Transport and Adsorption in MultiScale Porous Materials – TAMTAM

Transport and Confinement in Porous Materials

Multiscale Adsorption and Transport in Porous Materials

A multiscale problem combining molecular and macroscopic aspects

Hierarchical porous materials, combining multiple porosities, are widely used in industry (adsorption, separation, catalysis) to overcome slow diffusion in microporous solids (< 2 nm) and increase access to their large surface area. The benefits of combining porosities by adding meso (2-50 nm) and macro (> 50 nm) pores to microporosity have been demonstrated, but engineering these solids, which are heterogeneous in size, shape, and connectivity, still relies on «trial and error« strategies. Existing design approaches, even when based on physical foundations, are limited to empirical parameters that cannot be derived from molecular adsorption/transport coefficients. This project aims to develop a bottom-up model of adsorption and transport in multiscale porous materials by coupling experiment, molecular simulation and theory. This multiscale strategy will provide a comprehensive framework of adsorption/transport in porous media to allow the design of optimal samples for a given application based on parameters accessible from simple experiments.

Through the use of theoretical and experimental methods applied to hierarchical solids with controlled properties, our model will enable the design of optimal adsorbents for process intensification. Molecular approaches, at the heart of this project, will allow to overcome the barriers that have prevented the emergence of a multiscale formalism: invalidity of hydrodynamics at ~nm scale, adsorption/transport coupling.

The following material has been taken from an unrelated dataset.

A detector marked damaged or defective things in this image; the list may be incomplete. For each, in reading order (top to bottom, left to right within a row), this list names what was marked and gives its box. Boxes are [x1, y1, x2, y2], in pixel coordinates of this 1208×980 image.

The strengths of this project are: (1) Use of solids with controlled porosities, morphologies, etc. obtained by pseudomorphic synthesis. (2) Experimental/theoretical study of adsorption/transport in hierarchical solids (pulsed field gradient NMR, chromatography, molecular simulation, etc.). (3) Rigorous scaling via Statistical Mechanics to connect molecular parameters to engineering parameters without losing the smallest scale information.

Our project led to a novel synthesis route of macroporous (pores up to 20 µm) monoliths made up of zeolite (micropores ~0,8 nm) nanocrystals (200 nm) allowing to intensify the processes by increasing the adsorption capacities in flow and by increasing the adsorption kinetics thanks to the creation of mesoporosity between the nanocrystals. FAU-X monoliths have been successfully used for the trapping of Cs, one of the principal contaminants of radioactive waters coming from nuclear disaster (Fukushima).

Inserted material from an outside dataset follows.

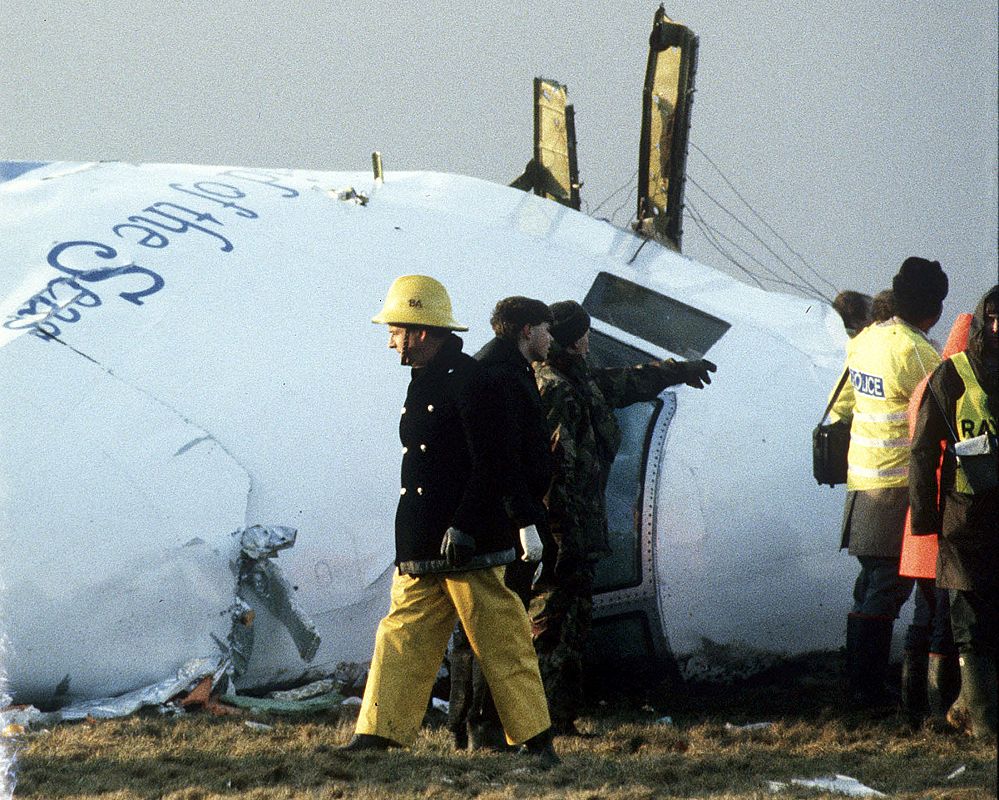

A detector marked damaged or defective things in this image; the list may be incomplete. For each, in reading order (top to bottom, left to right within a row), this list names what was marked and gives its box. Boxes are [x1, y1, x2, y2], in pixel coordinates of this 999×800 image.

crashed airplane fuselage [0, 161, 856, 708]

As we progressed, new questions arose and new avenues were opened to us. Thus, in parallel to our major achievements, typically the establishment of a synthesis of hierarchical porous monoliths, this project deserves to be continued further downstream. In particular, some researchers involved in the TAMTAM project are pursuing their efforts in the development of these materials and their applications.

We have developed a synthesis route for hierarchical nanoporous (zeolitic) solids that could have an impact in many fields such as phase separation, catalysis, etc. With the help of these solids, the understanding obtained by combining experiment/theory has allowed us to identify the parameters controlling the adsorption and the transport of fluids in their hierarchical porosity. This knowledge allows to consider - after further studies - the development of a rational design of this new class of materials. The TAMTAM project has led to 16 scientific papers in international journals (6 in preparation). The work resulting from this consortium working around the multi-scale adsorption and transport of nanoconfined fluids has been presented at 13 national and international conferences.

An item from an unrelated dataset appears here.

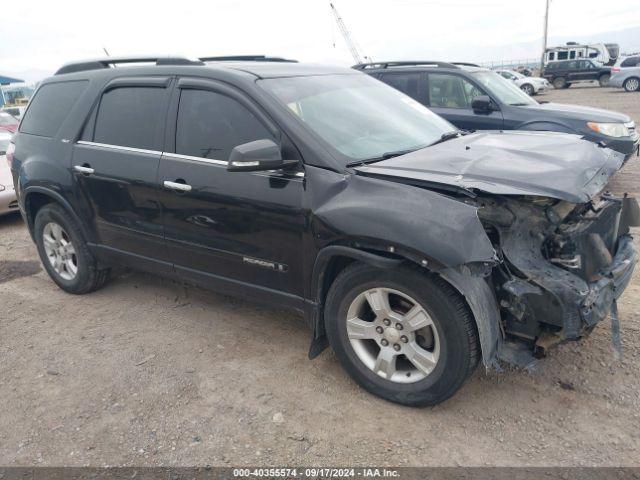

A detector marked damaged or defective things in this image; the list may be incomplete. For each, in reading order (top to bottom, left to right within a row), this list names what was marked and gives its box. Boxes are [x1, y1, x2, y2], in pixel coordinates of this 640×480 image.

crushed hood [356, 130, 624, 203]
severe front-end damage [350, 133, 640, 370]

Hierarchical porous materials, which combine several porosity scales, are widely used in industry (adsorption, separation, catalysis) to overcome slow diffusion in microporous solids (< 2 nm) and enhance access to their large surface area. The benefits of combining porosities by adding meso (2-50 nm) and macro (> 50 nm) pores to the existing microporosity was demonstrated but engineering of such solids, which are heterogeneous in size, shape, and connectivity, still relies on trial and error strategies. Available modeling approaches, even when based on a physical ground, are limited to empirical parameters which cannot be derived from molecular adsorption/transport coefficients. In particular, none of the existing approaches offers the ground for a bottom up model of adsorption/transport in multiscale materials as (1) they only describe empirically the interplay between adsorption and transport, (2) they do not account for the breakdown of hydrodynamics at the nm scale, and (3) they are not multiscale in nature.

This project aims at developing a bottom up model of adsorption/transport in multiscale porous materials using experiment, molecular simulation and theory. This multiscale strategy will provide a unifying and comprehensive framework of adsorption and transport in porous media to design optimized samples for a given application based on a minimum set of parameters available from simple experiments. These samples will be synthesized and tested to further validate our novel framework. Thanks to the use of Statistical Mechanics and adsorption, NMR and chromatography experiments for hierarchical solids with controlled properties (synthesized on-demand), this model will allow the design of optimal adsorbents to achieve process intensification. The use of molecular approaches, at the heart of this project, allows bypassing the barriers that have hampered the development of a multiscale framework: hydrodynamics breakdown at the nm scale, adsorption/transport coupling and upscaling over scales. The strengths of this proposal, which rely on the solid know-how of the partners, are as follows. (1) Use of well-defined materials with controlled porosities, morphologies, chemistries, etc. obtained using pseudomorphic syntheses. This allows studying adsorption/transport at each synthesis step (macropores, macropores + mesopores, macropores + micropores, macropores + mesopores + micropores). (2) Joint experimental/theoretical study of adsorption/transport in hierarchical solids (Pulsed Field Gradient NMR, chromatography, molecular simulation, etc.). (3) Rigorous Statistical Mechanics upscaling to connect parameters from molecular to engineering scales without losing information at the lower scale. Owing to the use of data that capture the many adsorption/transport regimes upon varying pressure, pore size, etc., this approach does not rely on hydrodynamics and, hence, does not require assuming a given adsorption/flow type.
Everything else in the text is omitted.